The C1 component was measured as the mean amplitude between 70 and 100 ms post stimulus onset at a cluster of five posterior occipital electrodes (POz, PO4, PO8, Oz, and O2). As in the study by Di Russo et al. [12], the C1 component for the probe stimulus was a negative voltage deflection maximal at the PO4 electrode at ∼87 ms post stimulus. The peak corresponding to the C1 component is identified in Figure 3A, which depicts a plot of the difference waveforms associated with the probe stimulus separately for each lag, collapsed across the five analysed electrodes. The 3 (lag)×5 (electrode) within-subjects ANOVA on mean C1 amplitudes revealed no significant main effect of lag, F(2, 48) = 0.23, p = .798, ηp2 = .009, no effect of electrode, F(4, 96) = 0.48, ε = .39, p = .574, ηp2 = .020, and no lag × electrode interaction, F(8, 192) = 1.65, ε = .38, p = .186, ηp2 = .064, indicating that C1 amplitude did not vary as a function of lag or across electrodes.

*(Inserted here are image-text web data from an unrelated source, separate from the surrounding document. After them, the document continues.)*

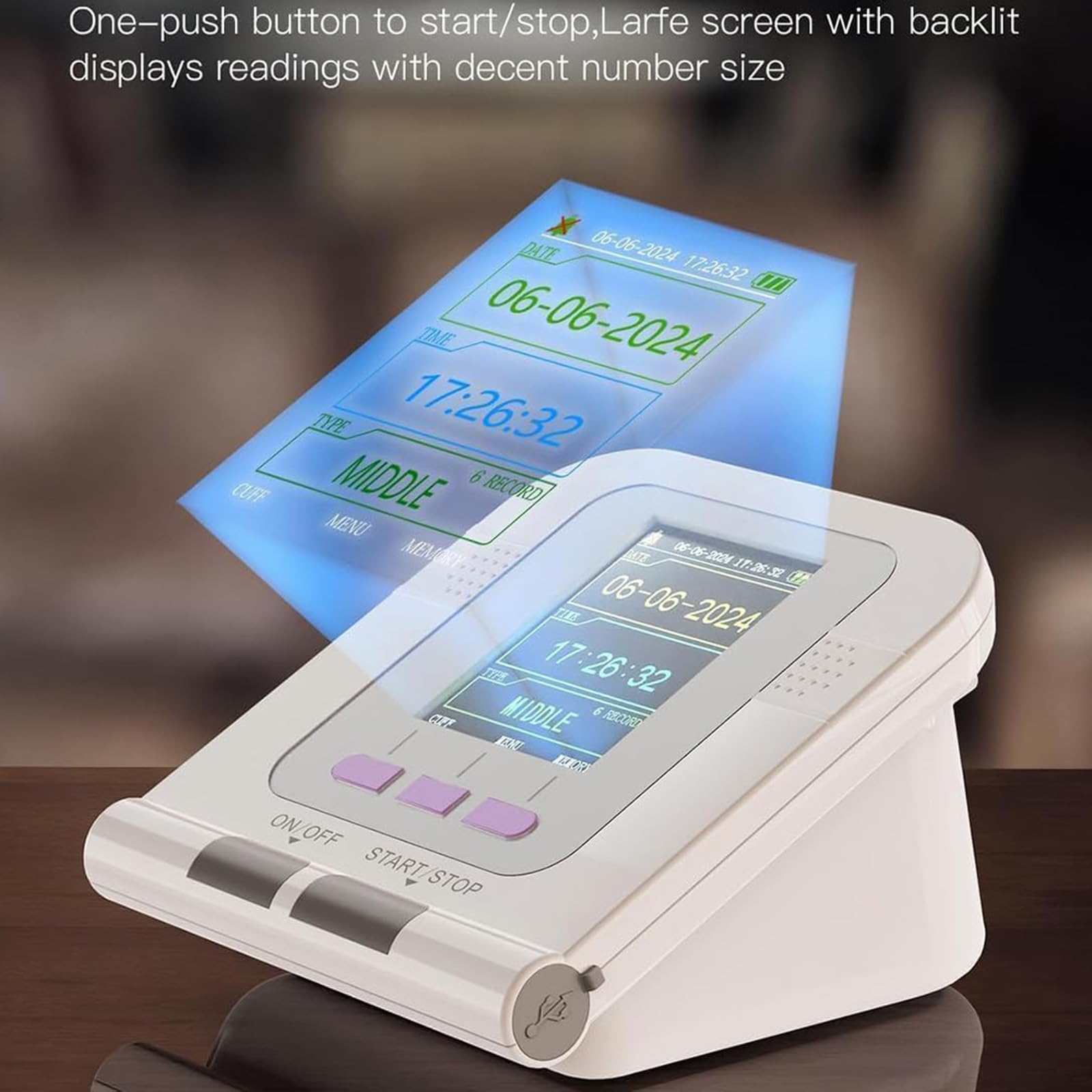 Monitor De Presión Arterial para Perros Y Gatos, Pantalla LCD Digital De 2,8 Pulgadas, Equipo Veterinario, Esfigmomanómetro Electrónico De 3 Modos Y 3 Brazaletes, Memoria para 100 Conjuntos De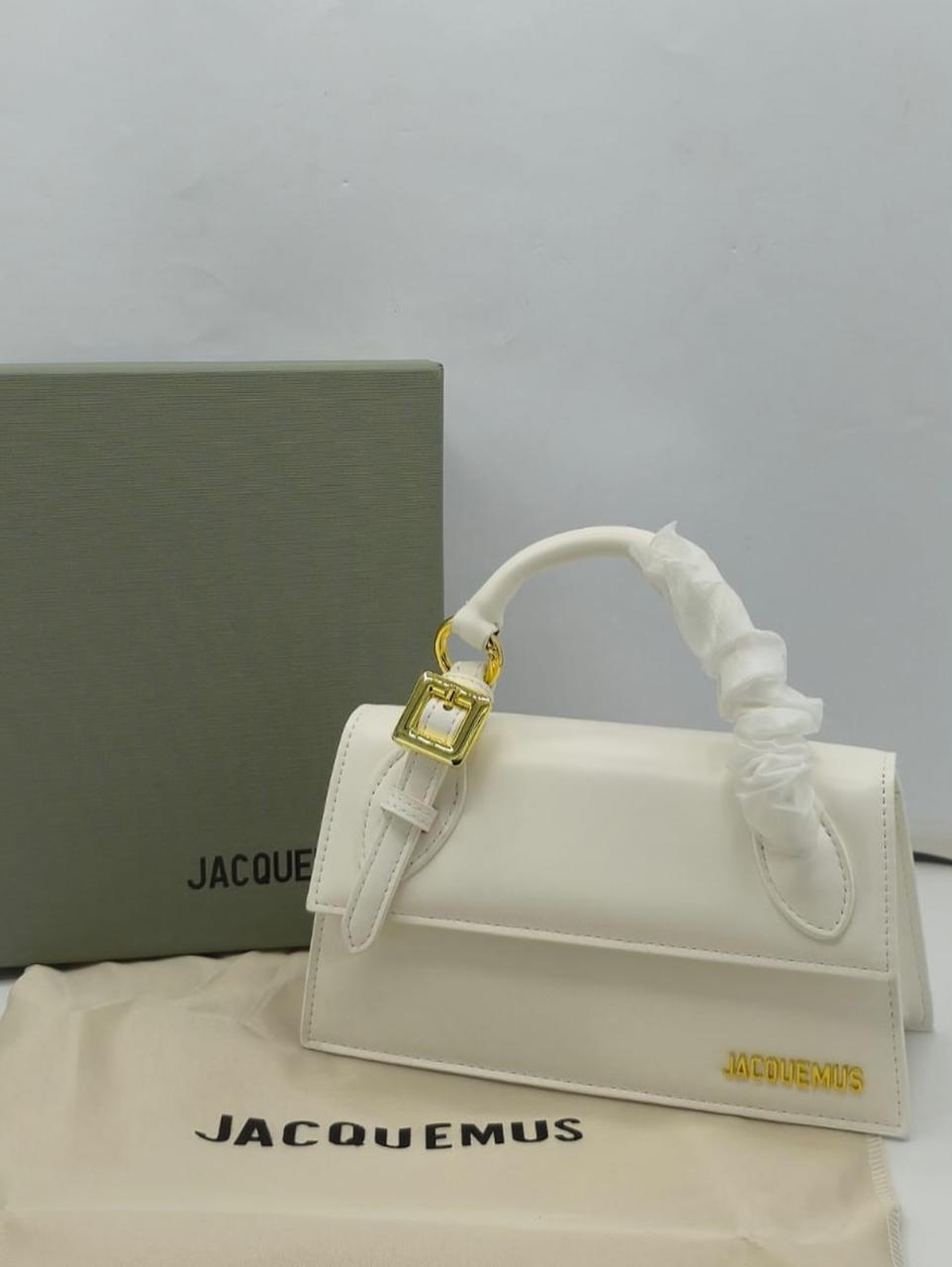 JACQUEMUS – The Long Chiquito Women Bag (With Buckle)(White)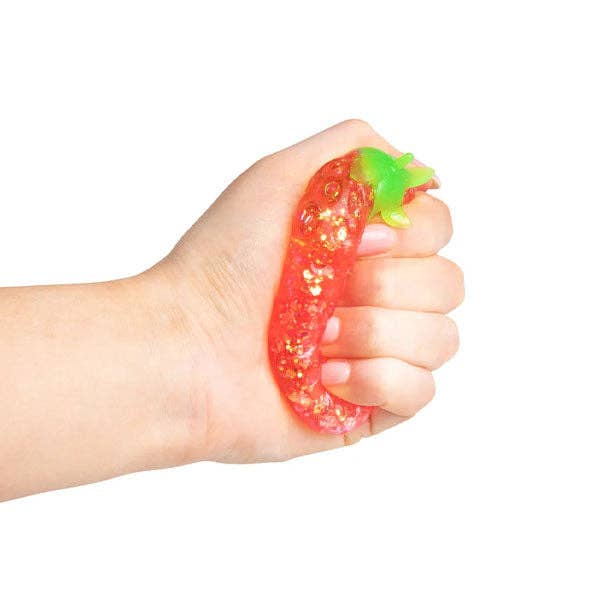 Showcase - Scrunchems® Sugar Squish Fruits Squishy | 3-Piece Glitter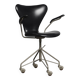 First edition Arne Jacobsen model 3217 office chair for Fritz Hansen, Denmark, 1950s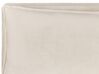 Letto matrimoniale contenitore tessuto beige chiaro 180 x 200 cm BAJONNA_912512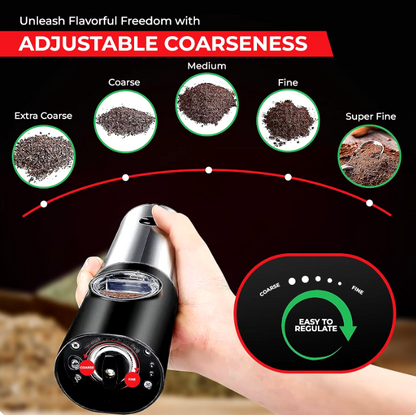 Electric Automatic Salt and Pepper Grinder Set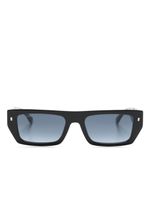 DSQUARED2 EYEWEAR lunettes de soleil à monture rectangulaire - Noir - thumbnail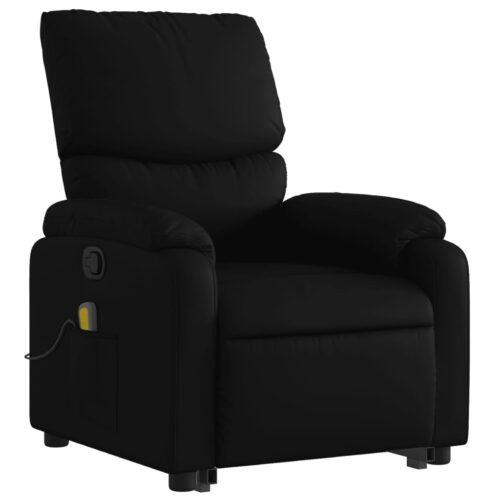 Stand up Massage Recliner Chair Black Faux Leather - Image 3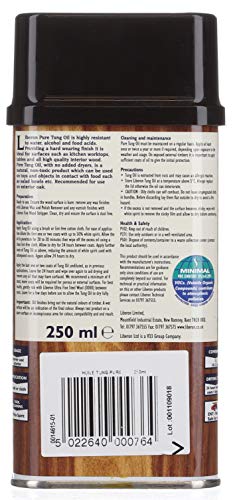 Liberon Pure Tung Oil, 250 ml - size: 250 ml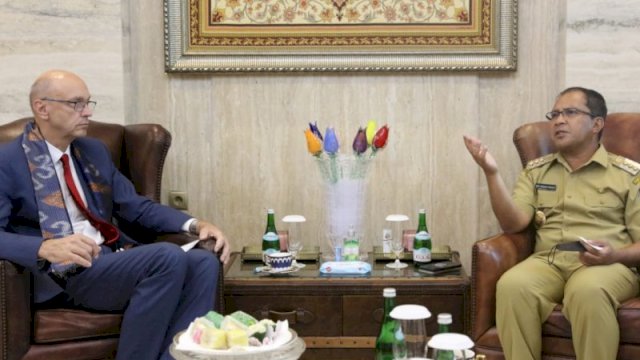 Kagum Pariwisata Makassar, Dubes Republik Ceko Temui Wali Kota Danny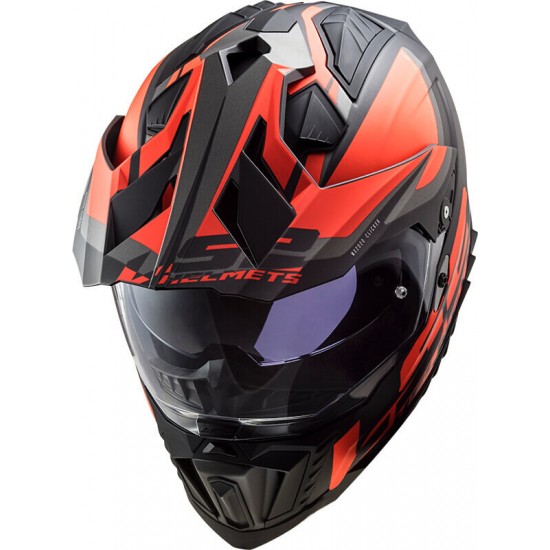 Κράνος LS2 Explorer MX701 Alter μαύρο fluo πορτοκαλί ματ Κράνος LS2 Explorer MX701 Alter μαύρο fluo πορτοκαλί ματ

(A) Grand average difference waveforms collapsed across electrodes POz, PO4, PO8, Oz, and O2, shown separately for each lag condition. Note that negative is plotted upwards. (B) Medial views of the two cortical hemispheres depicting the estimated current density distribution calculated by sLORETA for the activity observed in the grand average difference waveforms (collapsed across lags) at the peak of the C1 component (87 ms). The regions sLORETA identified as most active are presented in yellow, and fall along the banks of the calcarine fissure in the left hemisphere, corresponding to area V1.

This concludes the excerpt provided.